At the beginning of my career, I longed to leave every job with difficult people, but I realized almost every show has its drama queen and difficult situation.  It’s not in our best interest to allow other people’s actions to determine our experience at work.

In the long run, we need to focus on the important things at work and not other people’s drama.

Here are seven helpful tips on how to deal with dramatic people on set:

  1. Respond rationally, not emotionally.

One way I’ve found to control drama at work is to remain rational no matter how the dramatic person behaves.  Responding emotionally only escalates the situation and makes you part of the drama.  

By responding rationally and not being confrontational, you keep negative emotions in check and avoid pointless drama.  Stick to the facts of the matter at hand rather than getting drawn into emotional confrontations.

Some people may use drama-filled situations to be the center of attention at work because they feel they’re not getting the recognition they deserve.  Others thrive on the drama of confrontation, so even minor problems become major problems with a lot of drama attached.  We’ve all seen this happen on set.

Usually, the problem is about small issues that have nothing to do with you, so stay rational and objective about the situation.  Take a deep breath, keep a positive focus, and avoid a knee-jerk emotional response.  

If there’s a department head known to cause drama on set, you can bet everyone in that department is now dealing with the negative energy coming from the top.  I’ve seen it more than once and experienced it myself. 

Poor leadership and constant drama never bode well for anyone and the work always suffers.

A director I worked with briefly as a trainee thrived on drama and the chaos it created.  That was just his style, but adapting to it was a challenge for everyone on set and I wouldn’t do it again.  

The call sheet became merely a suggestion of what might take place each day, as scenes and locations were changed at a moment’s notice.  We even spent several hours busing hundreds of extras to another location, only for the director to decide he preferred the first location, so back they came.  

Constantly adapting to this much daily drama on set made it difficult to respond rationally, but it was a learning experience.  I wouldn’t want to repeat it, though, and I was glad I was only assigned to that set for a few days.

2. Avoid gossip on set.

Gossip on set is a bad thing and participating in it can permanently destroy your reputation.  Early in my career, I was the victim of untrue gossip that cost me work on more than a few jobs and I didn’t find out about it until years later, so I know how insidious gossip can be.  
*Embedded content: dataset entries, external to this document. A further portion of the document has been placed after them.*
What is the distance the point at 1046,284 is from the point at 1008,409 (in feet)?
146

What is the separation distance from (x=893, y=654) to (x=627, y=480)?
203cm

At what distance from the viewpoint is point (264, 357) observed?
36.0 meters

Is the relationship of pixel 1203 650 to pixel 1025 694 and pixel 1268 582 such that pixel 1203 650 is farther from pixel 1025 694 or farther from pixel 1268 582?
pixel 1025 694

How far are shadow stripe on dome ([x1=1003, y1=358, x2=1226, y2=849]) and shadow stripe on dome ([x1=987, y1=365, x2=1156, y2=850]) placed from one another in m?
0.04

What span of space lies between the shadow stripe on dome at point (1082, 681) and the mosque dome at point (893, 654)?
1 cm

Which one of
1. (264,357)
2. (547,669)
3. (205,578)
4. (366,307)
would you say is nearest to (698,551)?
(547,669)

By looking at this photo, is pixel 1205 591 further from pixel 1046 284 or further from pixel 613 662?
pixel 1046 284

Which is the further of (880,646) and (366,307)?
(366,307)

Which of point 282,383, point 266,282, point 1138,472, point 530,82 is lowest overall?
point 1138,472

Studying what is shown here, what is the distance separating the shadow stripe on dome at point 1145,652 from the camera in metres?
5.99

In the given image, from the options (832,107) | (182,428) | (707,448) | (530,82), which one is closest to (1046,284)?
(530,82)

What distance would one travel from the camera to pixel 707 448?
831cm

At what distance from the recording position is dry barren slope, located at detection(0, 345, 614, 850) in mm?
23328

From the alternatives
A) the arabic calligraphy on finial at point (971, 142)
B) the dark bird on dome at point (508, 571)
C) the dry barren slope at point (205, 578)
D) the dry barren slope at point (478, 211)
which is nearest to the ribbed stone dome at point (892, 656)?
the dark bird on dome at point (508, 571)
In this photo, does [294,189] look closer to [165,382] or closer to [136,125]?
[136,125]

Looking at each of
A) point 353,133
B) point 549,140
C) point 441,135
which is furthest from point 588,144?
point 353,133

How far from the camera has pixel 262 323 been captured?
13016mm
As many of us use walkie-talkies and wear headsets or earpieces at work, I’ve used mine to extricate myself from many unwanted conversations on set.  I pretend to listen to a request coming through my earpiece and then dash off, with no further explanation needed.  The attempted conversation is invariably forgotten, and I’m too busy to listen to it if it reappears.  It’s saved me from listening to a lot of pointless chatter.  

Since we work so closely with others on set, gossip can create a toxic type of drama that erodes trust and makes daily life miserable.  

The same goes for venting about bosses or co-workers at work, too.  I’m amazed at some of the thoughtless offhand comments I’ve heard people make on set thinking no one will hear them, but someone always does and there can be unpleasant consequences.  

Save that talk for a close friend away from work, or you may find your stellar reputation tarnished and your rising career suddenly derailed. 

3. Communicate and listen effectively.

The daily routine of everyone on set involves communicating and listening effectively.  It’s essential for every department on set to have the information they need to do their jobs and to be aware of any changes that invariably arise throughout the day.  If they don’t have the needed information, they look bad and their department looks less competent.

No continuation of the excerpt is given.